Australian Bureau of Statistics figures, released yesterday, show turnover in the SA industry was $39 million in April – the lowest level in four and a half years.
Turnover reached a peak of $46.6 million in June last year, before plummeting 16 per cent over the nine months to April this year.
Grundy’s Shoes has been trading in Adelaide since 1896 (it was earlier known as H. Grundy and Co).
CEO Damien Whittenbury told InDaily many local footwear retailers had underestimated the impact of customers moving online recently, and that those who had invested in a strong web presence were doing better than others.
He said Grundy’s Shoes had grown strongly over the past year despite the wider local industry downturn, saying its turnover had risen about three or four per cent during the past 12 months.
“We’ve sort of bucked the trend a little bit,” he said.
“It’s probably come down to some of our bigger brands being on-trend.
“Birkenstocks are massive with young kids and they’ve always been popular (with older demographics).”
He said Grundy’s launched a new website about 18 months ago and was determined to go where the customer is.
“I think people have underestimated the power of it (the move to online),” he said.

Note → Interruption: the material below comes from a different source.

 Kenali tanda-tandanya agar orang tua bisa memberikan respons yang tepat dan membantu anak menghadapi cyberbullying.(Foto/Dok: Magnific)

“Those (retailers) that have a pretty strong online presence seem to be doing pretty well, and those that don’t sort of struggle.

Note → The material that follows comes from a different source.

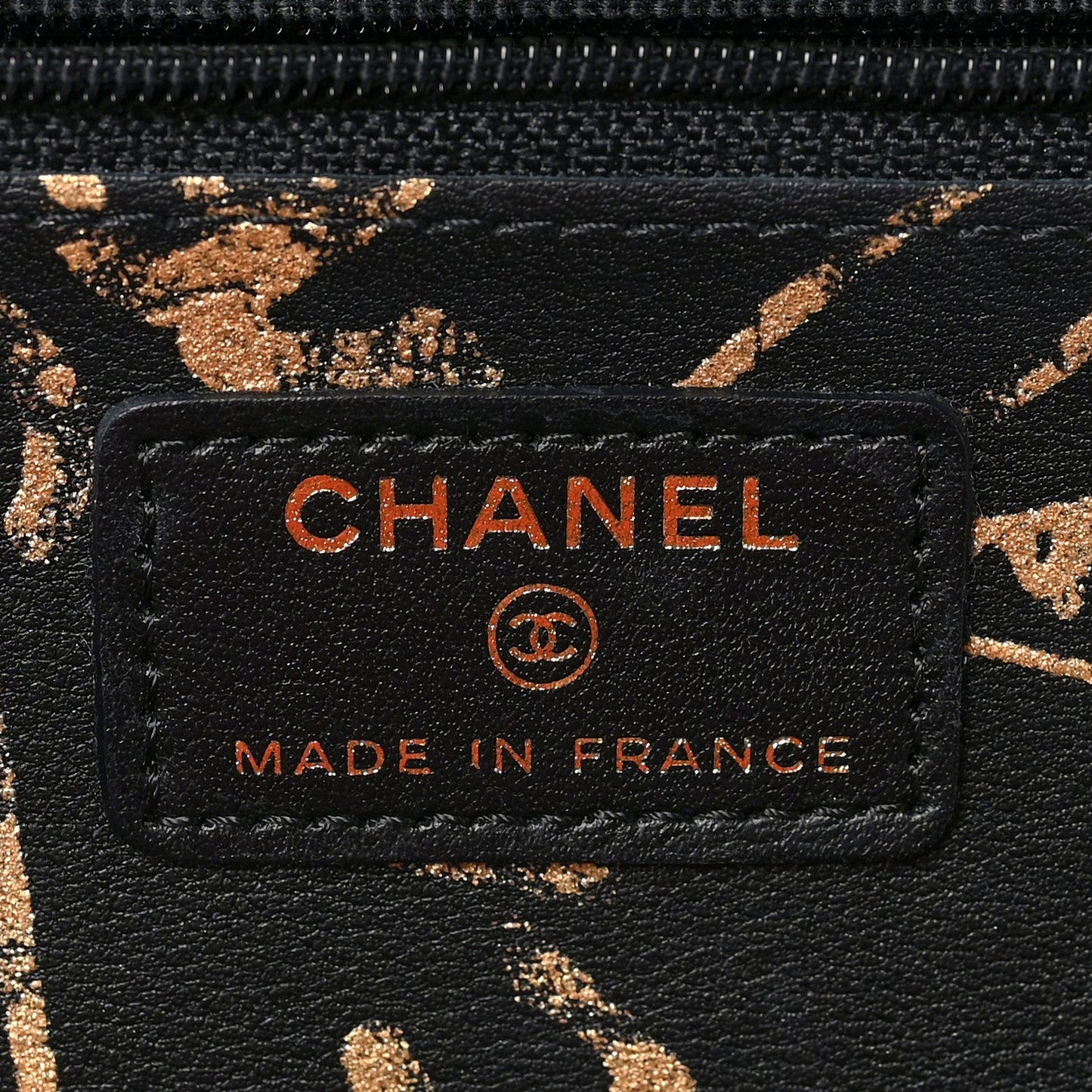 CHANEL QUILTED CALFSKIN GRAFFITI PYRAMID WALLET ON A CHAIN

“It’s growing at quite a fast rate … no sense of it slowing as yet.”
It was better news for the broader South Australian retail industry, which reached a new record high turnover of $1.79 billion in seasonally adjusted terms, in April this year.
That’s $54 million higher than in April last year.
Turnover in the broader SA retail trade has steadily grown over the past decade.
Last month, iconic, Adelaide-based bootmaker R.M. Williams was put on sale for a reported price of up to $500 million.
The company is majority-owned by multinational private equity firm L Catterton.